Would we all be better? A little less tired. A little less lonely. A little less depressed about the decisions we make in this life that seem to benefit no one, really.
I will never know. I only know what I have now, and it is just. Utter. Exhaustion.
Dear Bike Thieves,
I hope that you love this bike as much as I do. I hope that when you text your husband at 12:20 a.m. from the Middle of Nowhere, Arizona, and he doesn’t respond till ten hours later, reading your pathetic apology for being so stupid, his words will have an equal measure of love.
I’m sorry you lost your bike. That does suck since you’ve had that one for so long and rode so far on it. Sorry babe. 😓
He will never say, “I told you so” or, “Why didn’t you…”
He will be right there with you at 12:20 a.m. when your dog barks and you hear voices and you step out of the hotel room into the Dark Sky Universe and all that your blurry-without-glasses eyes can see is… the absence of tires.
Because he was there when you got that bike, nine years ago. When you went to the spring extravaganza under-the-tent bike sale with $1000 in your pocket from that year’s tax return–the only expendable money we had for a year–placed upon its pedals, teacher’s salary, three kids at home, him not working, “Can I buy it?”
“Of course.”
Of course you can set your alarm for 4:16 a.m. and pedal uphill in your new click-in shoes, before the sun rises, before you can even afford a light, before the world is awake, to put that bike along that endless road for thousands upon thousands of miles.

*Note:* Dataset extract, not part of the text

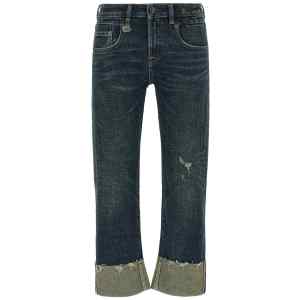 R13 Turn Up Jeans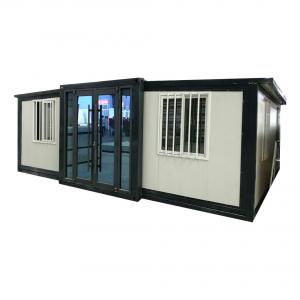 China Modern Design Style 2023 Portable Container Store 20ft 40ft Expandable Modular Homes With Ce on sale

Of course you can register, pay for, and race a train up and down a mountain with this bike, this bike, these tires, this set of wings.
Of course you can buy a bike box and bring this bike to Spain, wrapped in bubble paper and soul tissue, and ride it to school, to twenty tutoring jobs a week, to the end of the road where the mountains meet the Mar.
Of course you can drive down I-25 on a 90-degree Sunday, new tent in the trunk, and watch your bike fly off its flawed bike rack into six lanes of Denver traffic, and watch your husband, afraid of nothing when it comes to his love for you, stand on the shoulder and wait for the right car to allow him to dash into the middle of an INTERSTATE and save that Baby Number Four.
Of course you will never feel the FEEL of the Sun Road in Glacier National Park without this bike vibrating under your palms.
But it is dark. I have driven 500 miles in a day only to be told by my boy, “I told you so” and “I don’t need to waste a photo on a pile of rocks” when looking at the GRAND CANYON, and…
Thieves. Boys. Oppressed.
You have my bike.
I hope you fix the red handlebar tape that was flapping for 500 miles to Arizona.
I hope you ride it to the edge of the reservation and demand that our government give you running water and a better chance at a decent life.
I hope that you sell it and feed your family for a month.
I hope that you love it as much as I have loved it. That you feel the wind in your hair, the beauty in 600 million years of piled-up rocks, and the words of my husband.
“I’m sorry.”
It’s so fucking simple. And so goddamn hard to say.